## What you need to do
Write the entries below out again exactly, but skip the pictures.
[The data Boundary: Start]
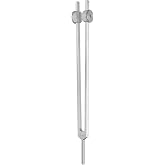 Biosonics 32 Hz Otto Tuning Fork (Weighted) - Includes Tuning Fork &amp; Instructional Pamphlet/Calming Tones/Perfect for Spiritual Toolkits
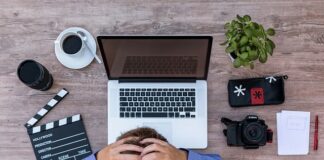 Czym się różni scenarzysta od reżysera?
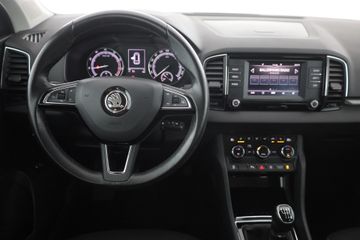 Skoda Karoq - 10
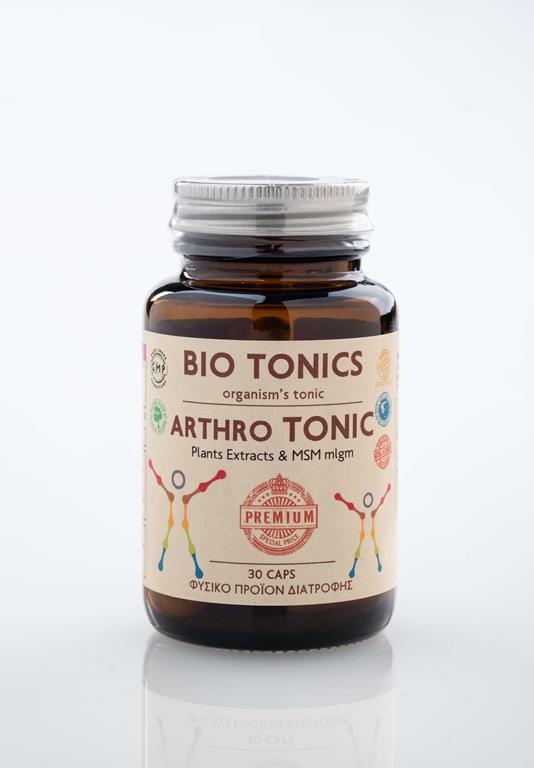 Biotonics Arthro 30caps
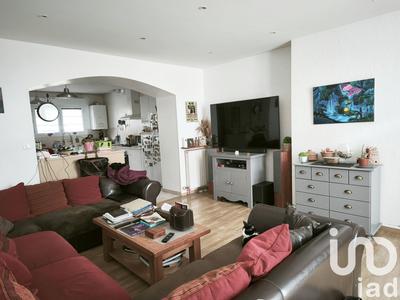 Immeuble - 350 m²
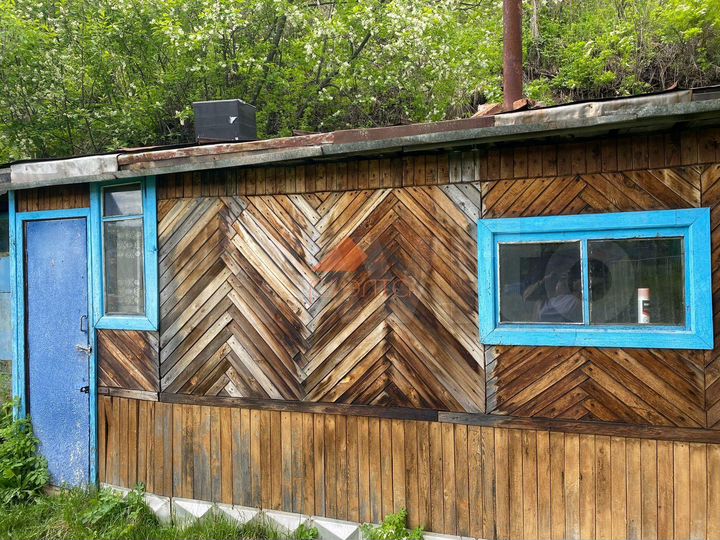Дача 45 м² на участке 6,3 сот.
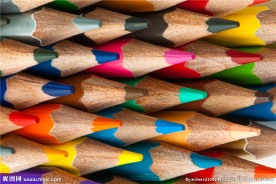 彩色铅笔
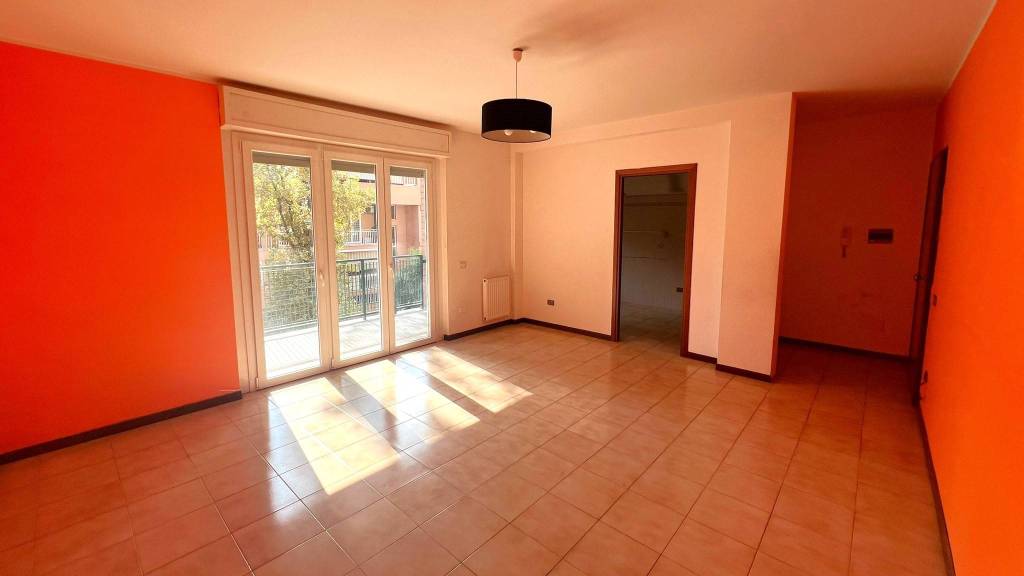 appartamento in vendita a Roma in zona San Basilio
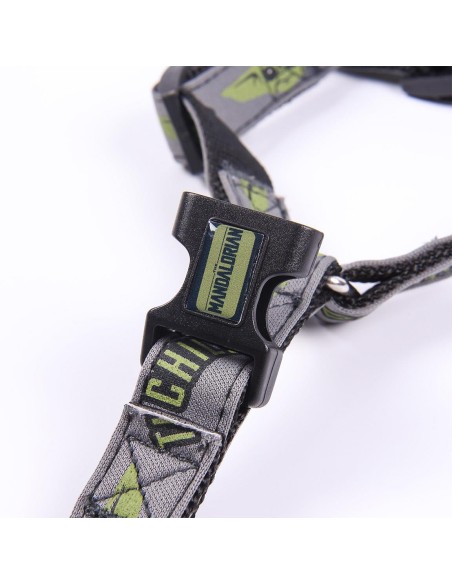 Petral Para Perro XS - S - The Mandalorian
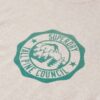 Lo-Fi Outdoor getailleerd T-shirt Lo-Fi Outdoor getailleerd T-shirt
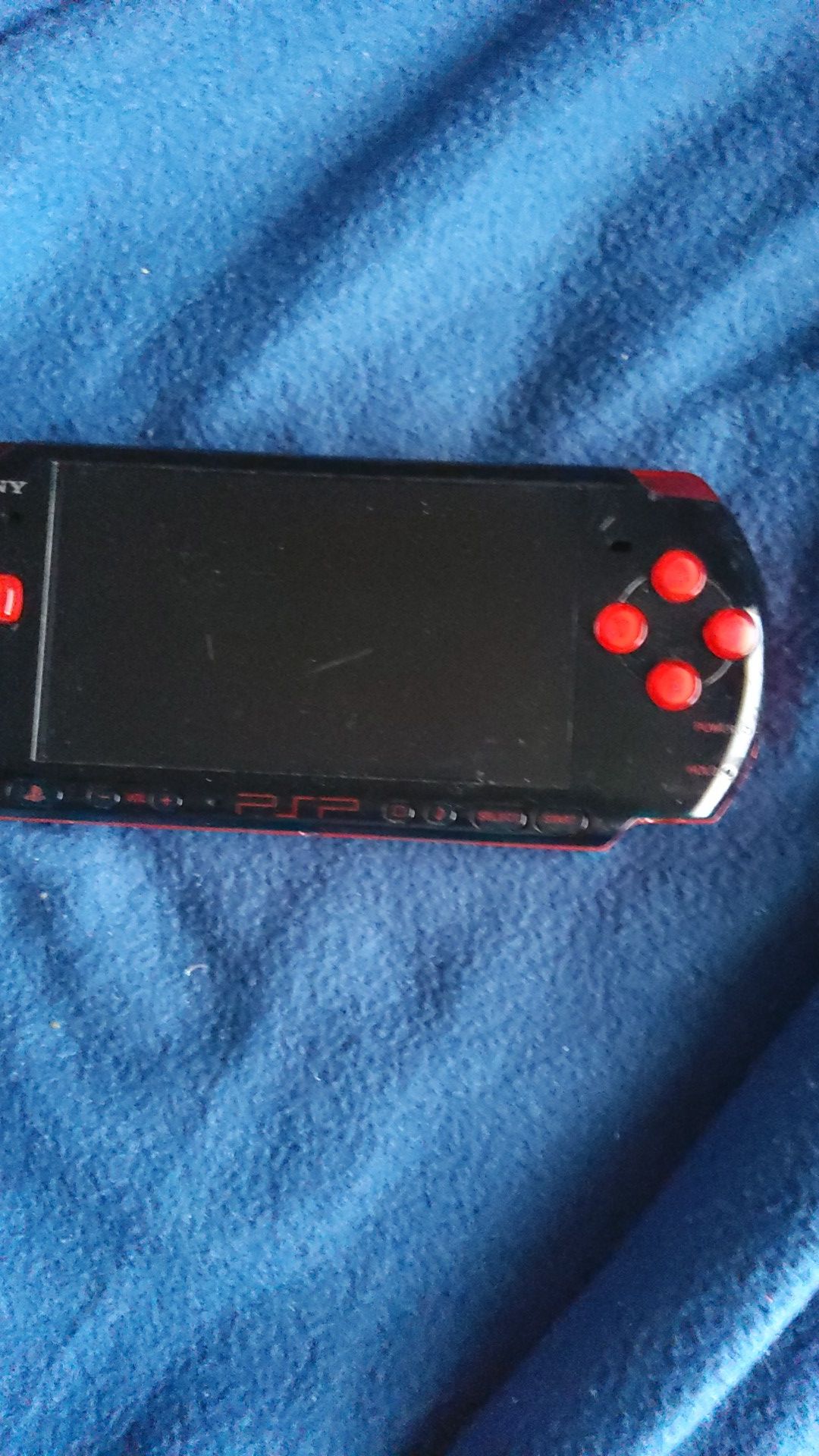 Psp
[The data Boundary: End]
## Result of this task
 Biosonics 32 Hz Otto Tuning Fork (Weighted) - Includes Tuning Fork &amp; Instructional Pamphlet/Calming Tones/Perfect for Spiritual Toolkits
 Czym się różni scenarzysta od reżysera?
 Skoda Karoq - 10
 Biotonics Arthro 30caps
 Immeuble - 350 m²
Дача 45 м² на участке 6,3 сот.
 彩色铅笔
 appartamento in vendita a Roma in zona San Basilio
 Petral Para Perro XS - S - The Mandalorian
 Lo-Fi Outdoor getailleerd T-shirt Lo-Fi Outdoor getailleerd T-shirt
 Psp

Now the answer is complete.